--- What to do ---
Below are some entries; state how many of their lines contain the word "Exclusive", with nothing else in the reply.
------ Data to process
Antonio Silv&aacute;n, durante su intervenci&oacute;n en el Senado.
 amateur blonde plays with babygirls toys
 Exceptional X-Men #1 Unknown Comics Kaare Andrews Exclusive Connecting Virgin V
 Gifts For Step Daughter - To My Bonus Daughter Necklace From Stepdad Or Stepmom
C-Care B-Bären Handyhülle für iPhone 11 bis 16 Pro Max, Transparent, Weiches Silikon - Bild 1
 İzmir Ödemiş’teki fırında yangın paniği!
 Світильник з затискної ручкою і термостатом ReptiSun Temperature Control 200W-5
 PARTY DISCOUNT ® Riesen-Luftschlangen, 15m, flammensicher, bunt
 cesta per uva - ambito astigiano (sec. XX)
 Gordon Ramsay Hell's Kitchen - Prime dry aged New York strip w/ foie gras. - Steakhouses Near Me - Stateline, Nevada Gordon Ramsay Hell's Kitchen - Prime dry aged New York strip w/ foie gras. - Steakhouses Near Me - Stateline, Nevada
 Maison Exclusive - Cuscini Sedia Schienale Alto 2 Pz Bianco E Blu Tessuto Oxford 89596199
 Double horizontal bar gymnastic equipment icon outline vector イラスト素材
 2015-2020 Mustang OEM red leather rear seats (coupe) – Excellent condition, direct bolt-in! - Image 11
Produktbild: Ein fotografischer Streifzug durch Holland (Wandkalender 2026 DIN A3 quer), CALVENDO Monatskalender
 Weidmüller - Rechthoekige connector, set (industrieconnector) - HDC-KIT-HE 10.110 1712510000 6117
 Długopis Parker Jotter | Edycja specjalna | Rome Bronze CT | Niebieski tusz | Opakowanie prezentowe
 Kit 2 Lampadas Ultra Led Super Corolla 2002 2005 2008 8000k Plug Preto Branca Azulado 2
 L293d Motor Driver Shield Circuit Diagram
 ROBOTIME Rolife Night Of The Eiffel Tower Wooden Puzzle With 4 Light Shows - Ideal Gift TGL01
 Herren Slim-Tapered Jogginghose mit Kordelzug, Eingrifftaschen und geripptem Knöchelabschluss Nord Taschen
------------
--- Solution for this task ---
2